Introduction to Data Analysis and Visualization with R

MLA Course
Listing Archived: Thursday, April 20, 2017

Primary contact information...
National Institutes of Health Library
Bldg 10, Rm 1L21, MSC 1150, 10 Center Drive
Bethesda MD , 20892
United States
Lisa Federer is the primary contact.
Phone: 301-594-6283
Region: Mid-Atlantic

Description: So you’ve heard about R – how it will helps with statistical analyses, create beautiful graphs, and makes science more reproducible – but you’ve never written a line of code in your life. Don’t be scared! In this course especially for non-programmers, you’ll learn the basics to get started with using R. These skills are useful for librarians who work with students and researchers, as well as those who have their own data to analyze.
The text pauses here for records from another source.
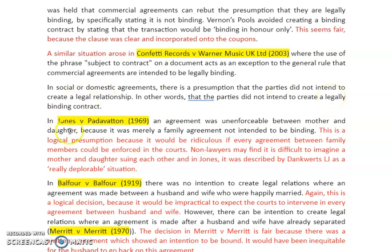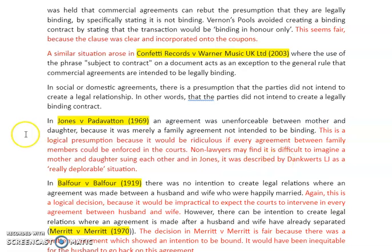In Jones v Padavatin, an agreement was unenforceable between a mother and daughter because it was merely a family agreement and therefore not intended to be binding. This is a logical presumption to have because it would be absolutely ridiculous if every single agreement between family members could be enforced in the courts. Non-lawyers may find it difficult to imagine a mother and daughter suing each other, and in the case of Jones the judge described it as a 'really deplorable situation.'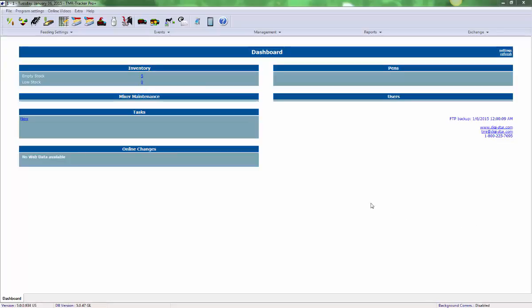Hello, this is Ryan from Digistar. In this video we'll learn how to create a new pen in your TMR Tracker Feed Management software. Let's get started.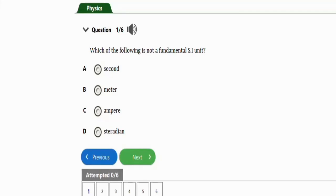In this video we are going to learn how to solve problems involving JAM physics under fundamental quantities. We're going to practice with six repeated questions for this topic in physics fundamental quantities, so let's get started.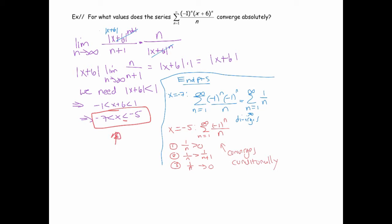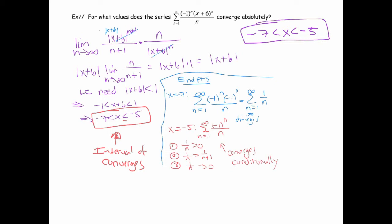Now this is my interval of convergence. But the question didn't ask for the interval of convergence — it asked for what values the series converges absolutely. I wanted to show you that you need to test the endpoints and that we accept all types of convergence on the interval of convergence. But to answer this question specifically: the series converges absolutely only when x is strictly between negative 7 and negative 5.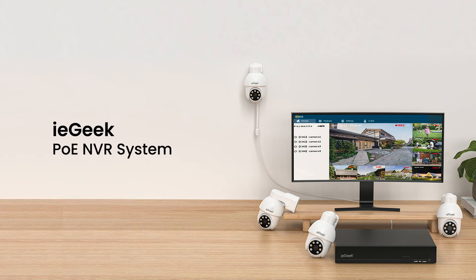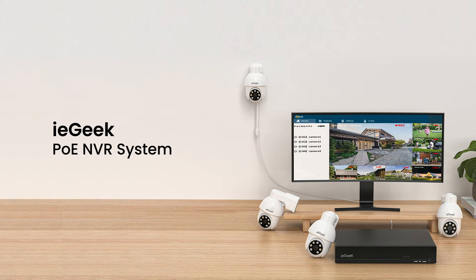ieGeek NVR offers seamless multi-device connectivity and simple installation, enabling real-time monitoring across multiple channels. Enhance your security with advanced technology, providing unparalleled functionality for a quietly reassuring peace of mind.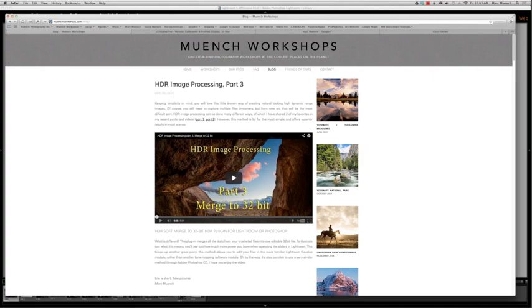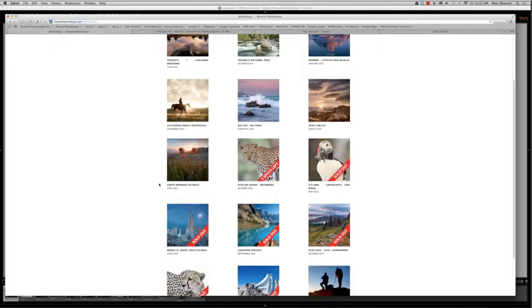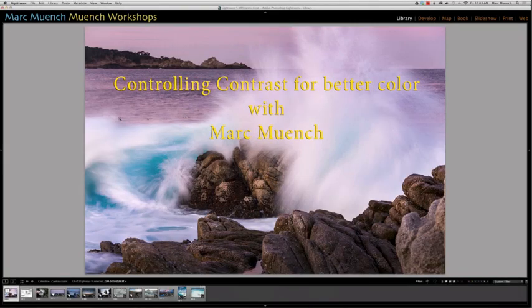On our blog you'll see all kinds of videos on processing HDR different ways, and we talk about equipment and cool places to go. I own a company called Mewch Workshops and you can find us at mewchworkshops.com. Workshops have really gotten me a lot closer to understanding my own workflow, because I have to be able to explain these things accurately and coherently.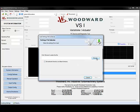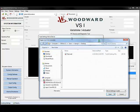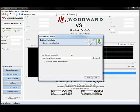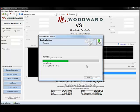Click Browse. Find the WSet file you'd like to load. Click Next. This will load all of the settings in that settings file to your device.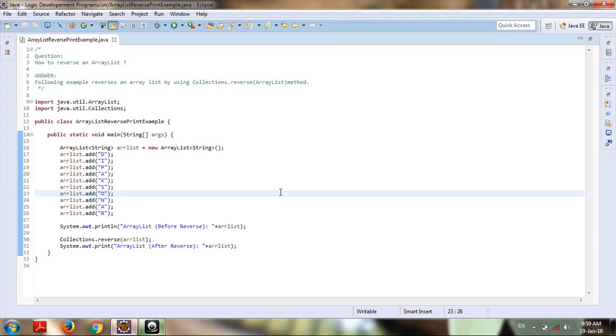Hello from Made in Java, this is Deepak Sonar. In this video tutorial we're going to focus on how to reverse an ArrayList. This example reverses an ArrayList by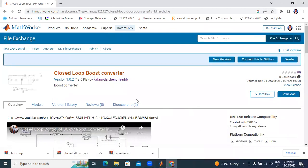In my next video I will explain how to download MATLAB research files. Research files means files used for PhD and MTech level — how to download different power quality related files, battery related files, and multilevel inverter files. How to download — I will explain in my next video. Thank you for watching this video.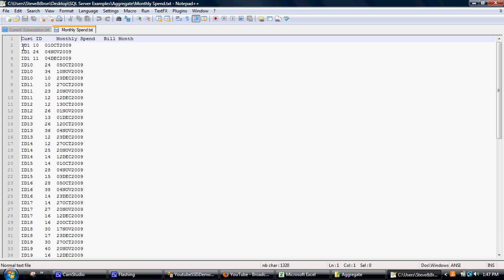We have customer ID and we've got some monthly spend information and then some dates of various months alongside that. What we'll do is average the monthly spends for each customer, so three monthly spend rows for each customer ID.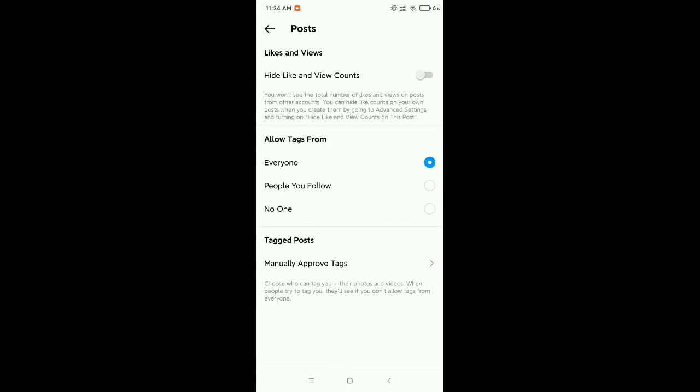Now at the first option there have a hide like and view counts. Enable this and that's it. Now your Instagram post like and view counts are already hidden.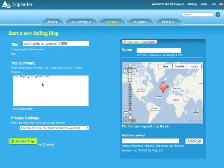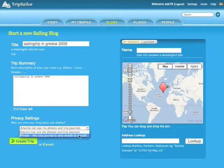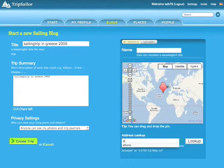Enter a meaningful title for your trip and give your readers a short description. Choose who can view and read your sailing block — anyone or just you. To choose the right location of your starting point, you can use the address lookup.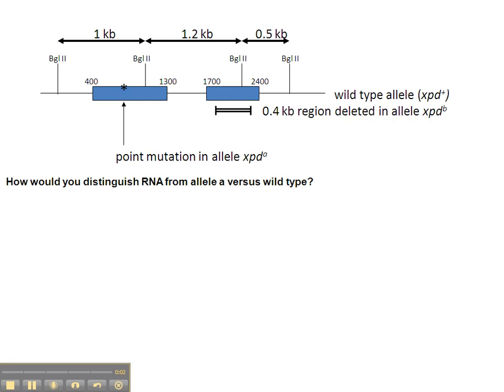Both the northern blot from question 4 and the RT-PCR from question 5 failed to distinguish between the wild type allele and the point mutation A allele. The bands on the gels in both of those cases looked identical. So we still need to be able to distinguish that A allele from the wild type allele, and the question is: how are we going to do that?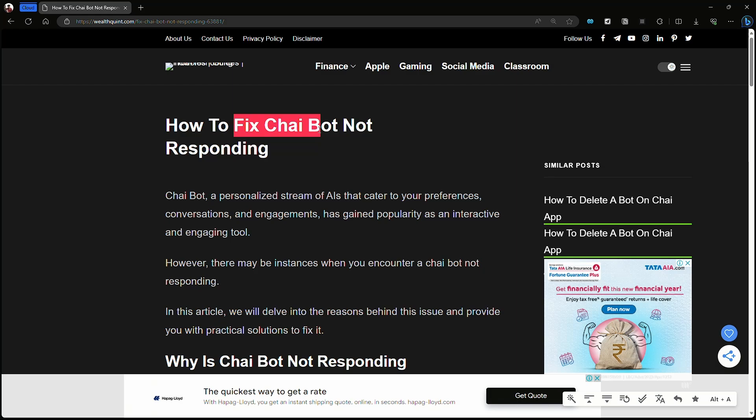Hello guys, welcome back to our channel. Today we're looking at the problem of how to fix Chai Bot not responding. Before moving on to the video, please don't forget to hit the subscribe button and like button too.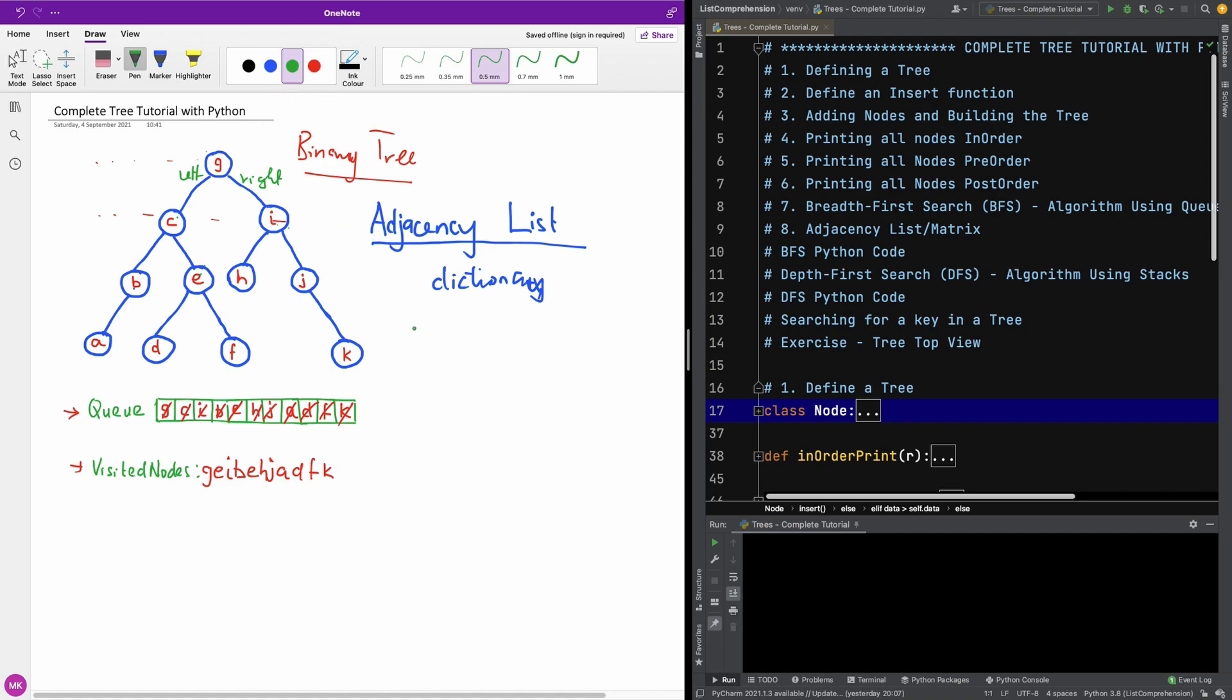So let's say, take for instance, we have G who have C and I. Okay. And we are going to have C, we have B and E, right? And have B, and we have A. So I'm going to just build it and then I'll speed up the video. So let's say A.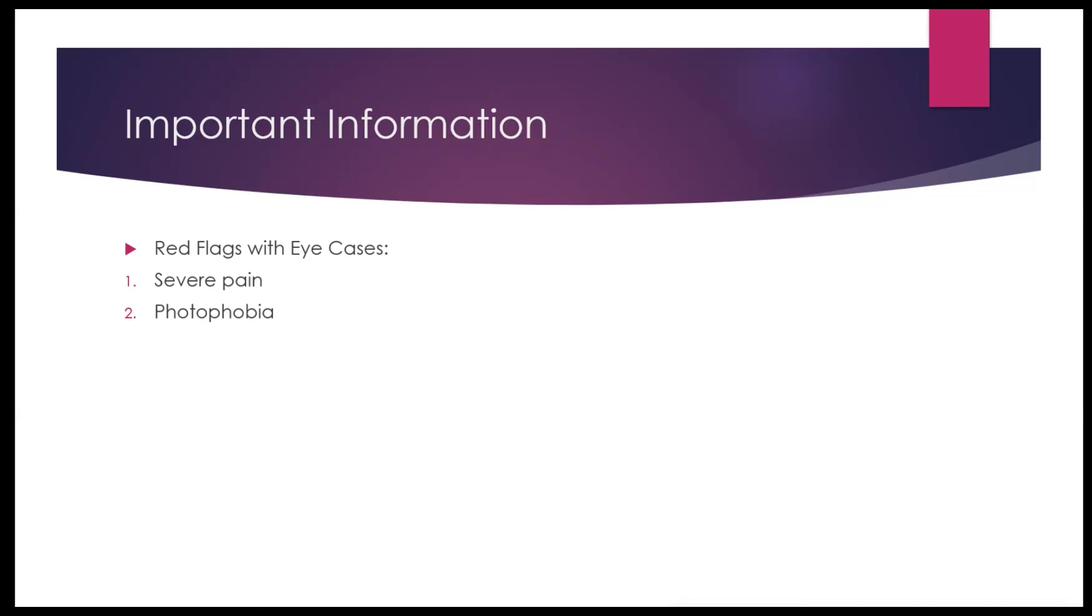Now there are about eight or ten red flags that we're gonna go through really quickly, but they are super easy to memorize and I really want you to memorize them before you go for your OSCE exam.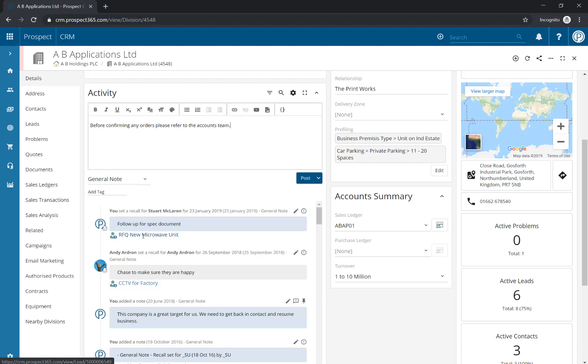Once you are happy with your urgent note, click on the drop-down arrow just here at the Post button and choose to Post as Urgent.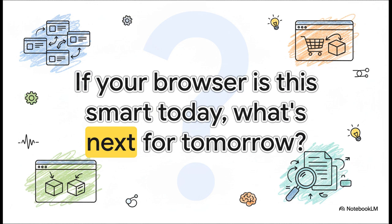If your browser can do your grocery shopping and analyze video comments for you today, what kind of partner is it going to be tomorrow? That line between us and our assistants is blurring really, really fast. Thanks for tuning in.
We’ll use RStudio, a user-friendly interface for R, and cover topics including: • Key terminology and concepts • Essentials of data processing • Basic statistical analysis • Creating simple graphics

Experience Level: Intermediate
Continuing Education Experience: Basic computer skills
CE Contact Hours: 4
Professional Competencies: Health Sciences Information Services, Information Systems and Technology, Research + Analysis and Interpretation
Subject: Health Care Informatics, Research, Technology/Systems
Course Type: Face to Face, Hands-on

Educational Objective: After participating in this course, learners will understand how to use R, an open source programming language, to work with a variety of different types of data, including library-related data, scientific research data, and clinical data. Specifically, learners will be able to use R to: • organize and “wrangle” (or clean) data • conduct basic data and statistical analyses • create exploratory and publication-ready visualizations.

Agenda:

-	Why R? Applications and uses: 5 minutes
-	Key terminology, concepts, and syntax: 10 minutes
-	Data processing and analysis: 1.5 hours
o	Understanding data structures
o	Data “wrangling”: organizing and cleaning messy data
o	Basic statistical analysis
-	Break: 15 minutes
-	Data visualization: 1.5 hours
o	The Grammar of Graphics: a framework for building data visualizations
o	Exploratory data visualization
o	Creating publication-ready visualizations
o	Customizing color and appearance
-	Questions and next steps for learning more: 30 minutes

Need for This Course: Librarians increasingly need data literacy skills to be successful in today’s data-intensive information environment. This is especially true for medical librarians who work closely with clinicians and biomedical researchers, whose work tends to be highly data-driven. Many users within the scientific community are turning to R for their data analysis, organization, and visualization needs. R is a free and open source scripting language that provides users the ability to work with data in highly customized ways to accomplish tasks that would be difficult or impossible with point-and-click software like Excel. R is easy to learn, even if you’ve never written a line of code before, and is a great way for librarians to get started with working with their own data, or assisting patrons with their data needs. Many scientific researchers have embraced R as a simple and effective solution for their data needs, and librarians who provide support for such groups will find it useful to be conversant in using R. Librarians who can master R and provide training for their patrons will undoubtedly find that their skills are much sought-after; the instructor for this CE course offers monthly R workshops and has trained hundreds of researchers at her institution. Even after a year of providing these monthly workshops, classes continue to have waitlists of dozens of researchers. Librarians may also find R helpful in working with their own data, including bibliometric data, library statistics, or budget data.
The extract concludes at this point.